## HOW TO COMPLETE THIS TASK
Please, without any pictures, set down exactly the part of the listing below that opens with the line containing "Marvel fun fact" and closes with the line containing "Hey Snicklers, back".

BEGIN INFORMATION GIVEN

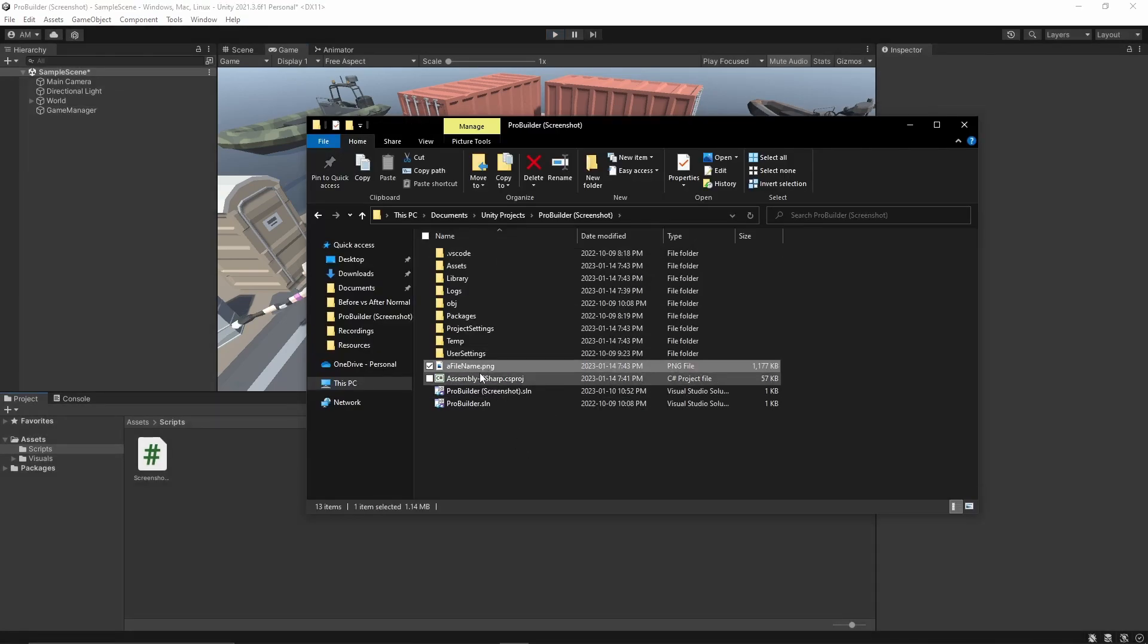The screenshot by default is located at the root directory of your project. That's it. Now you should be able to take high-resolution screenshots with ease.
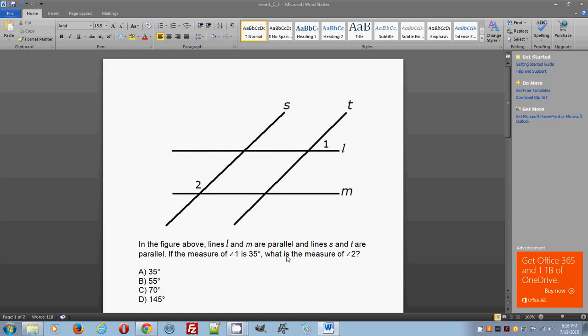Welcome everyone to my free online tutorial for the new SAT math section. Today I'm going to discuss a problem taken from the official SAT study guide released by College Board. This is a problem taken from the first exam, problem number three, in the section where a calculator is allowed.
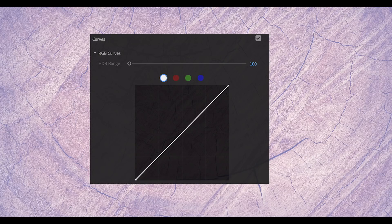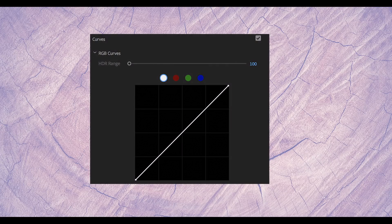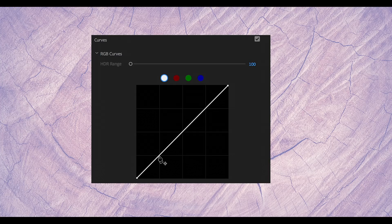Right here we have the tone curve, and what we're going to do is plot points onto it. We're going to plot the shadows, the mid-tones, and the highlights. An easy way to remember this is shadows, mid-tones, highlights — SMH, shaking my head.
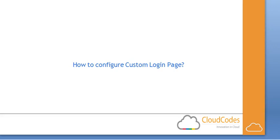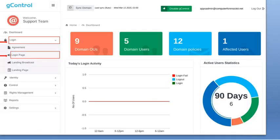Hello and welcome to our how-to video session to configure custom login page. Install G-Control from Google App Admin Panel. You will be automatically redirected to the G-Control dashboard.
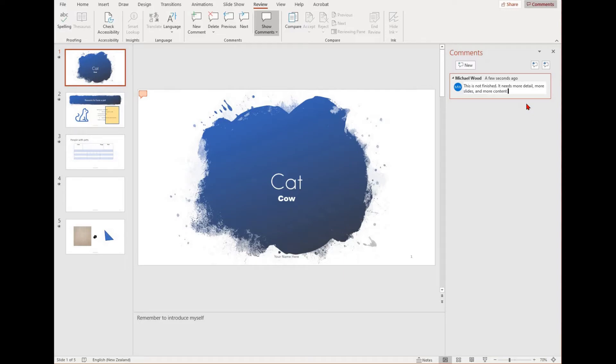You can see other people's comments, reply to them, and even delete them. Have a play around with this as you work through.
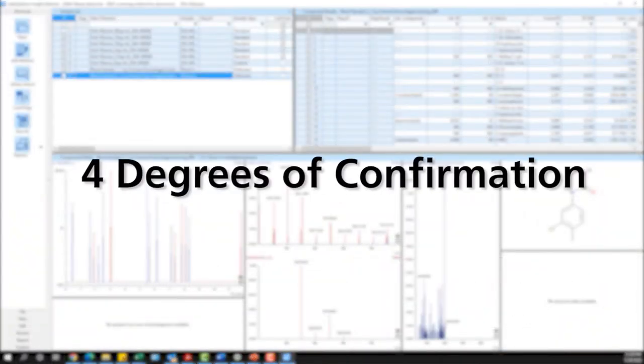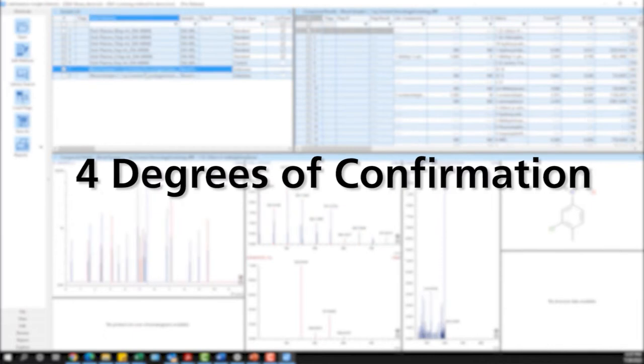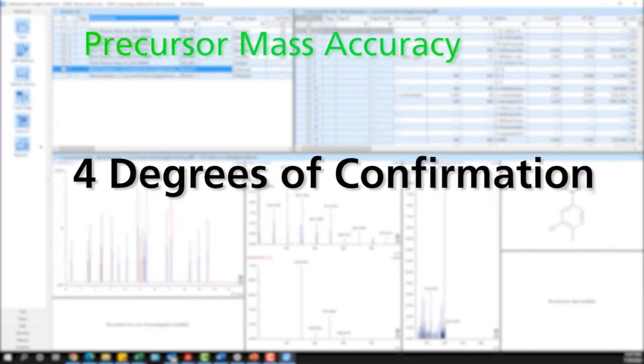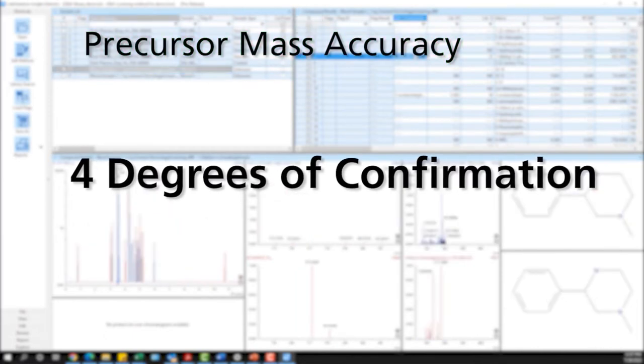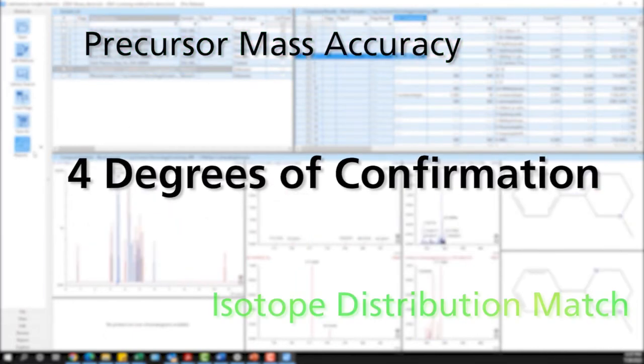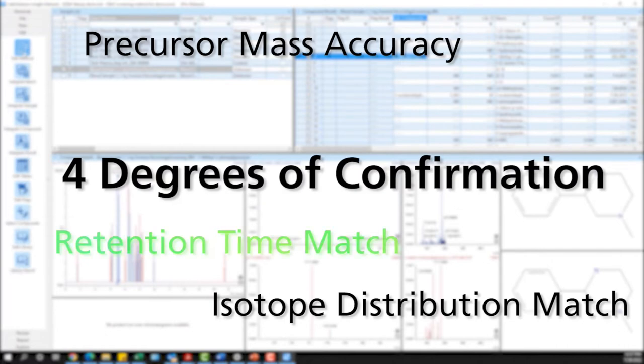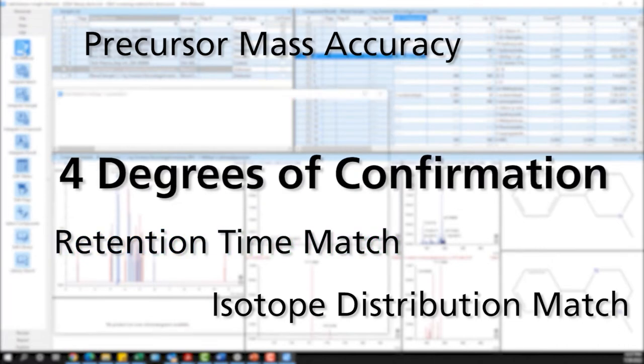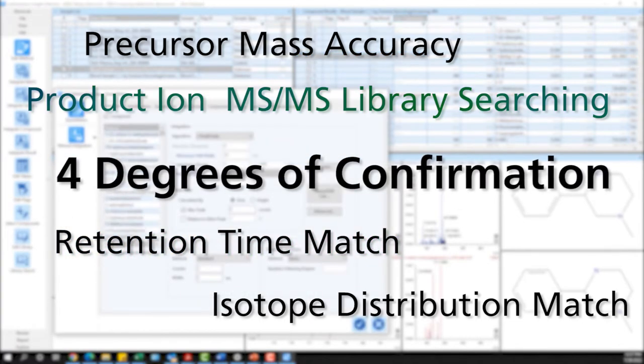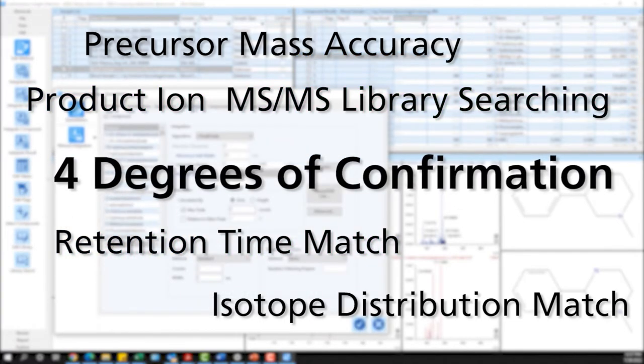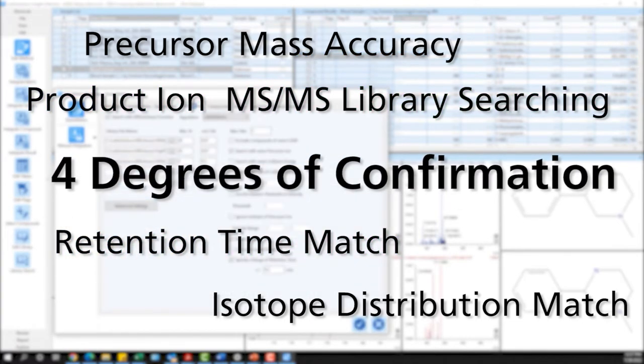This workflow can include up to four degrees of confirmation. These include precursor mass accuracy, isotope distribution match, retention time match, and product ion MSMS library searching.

END INFORMATION GIVEN
BEGIN INFORMATION GIVEN

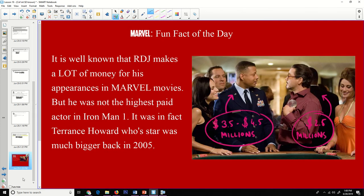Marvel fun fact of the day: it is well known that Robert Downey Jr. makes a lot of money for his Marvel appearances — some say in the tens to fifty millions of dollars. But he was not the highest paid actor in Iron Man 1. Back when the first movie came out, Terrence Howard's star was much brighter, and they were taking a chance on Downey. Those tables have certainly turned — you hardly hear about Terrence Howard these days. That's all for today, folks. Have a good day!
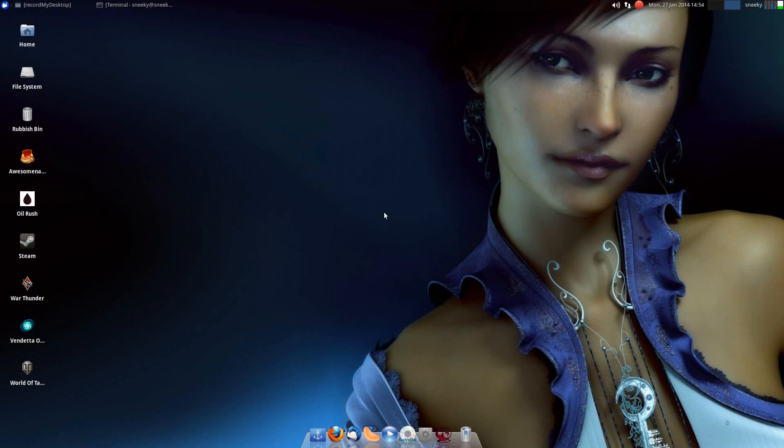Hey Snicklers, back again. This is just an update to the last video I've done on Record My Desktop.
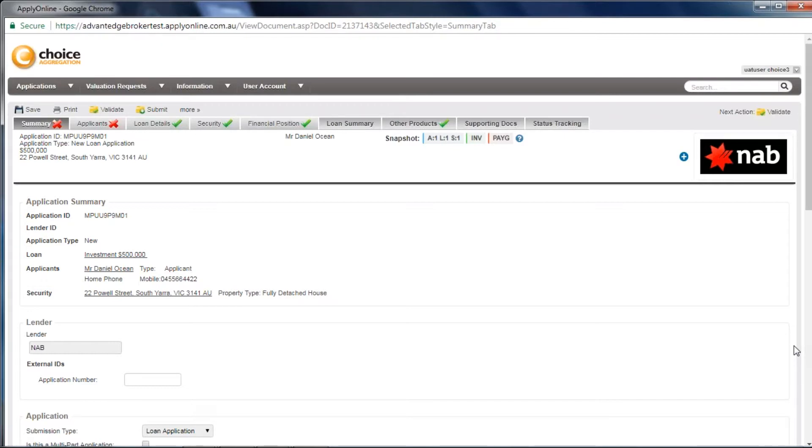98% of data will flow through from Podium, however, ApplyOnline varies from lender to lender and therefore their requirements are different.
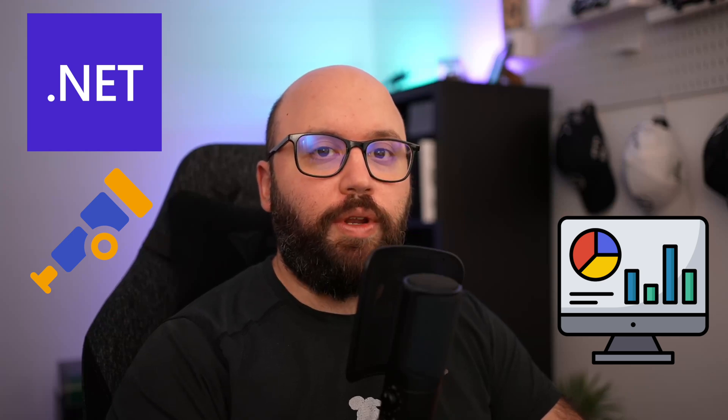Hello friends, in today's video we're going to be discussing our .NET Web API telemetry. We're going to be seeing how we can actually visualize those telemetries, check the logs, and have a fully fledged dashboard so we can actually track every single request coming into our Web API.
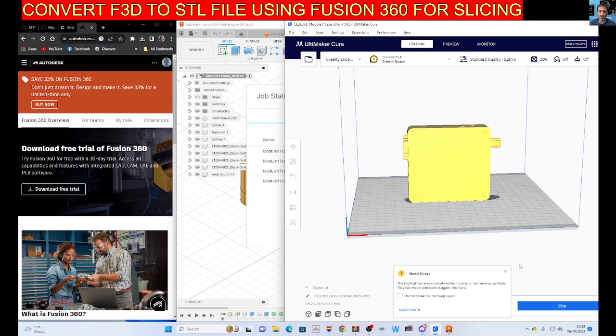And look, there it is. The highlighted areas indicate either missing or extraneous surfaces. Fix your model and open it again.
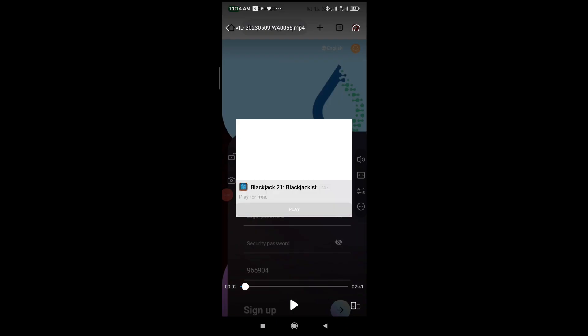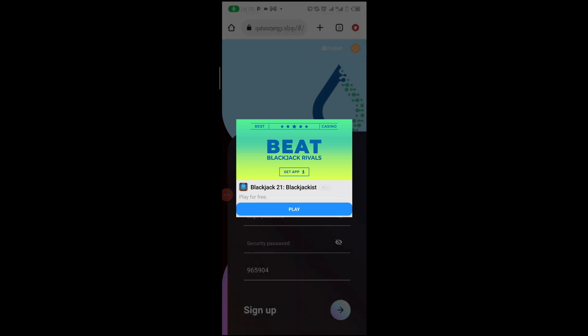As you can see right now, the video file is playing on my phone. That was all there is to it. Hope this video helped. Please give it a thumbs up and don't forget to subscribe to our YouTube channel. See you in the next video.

END INFORMATION GIVEN

## ANSWER SECTION
Marvel fun fact of the day: it is well known that Robert Downey Jr. makes a lot of money for his Marvel appearances — some say in the tens to fifty millions of dollars. But he was not the highest paid actor in Iron Man 1. Back when the first movie came out, Terrence Howard's star was much brighter, and they were taking a chance on Downey. Those tables have certainly turned — you hardly hear about Terrence Howard these days. That's all for today, folks. Have a good day!
Hey Snicklers, back again. This is just an update to the last video I've done on Record My Desktop.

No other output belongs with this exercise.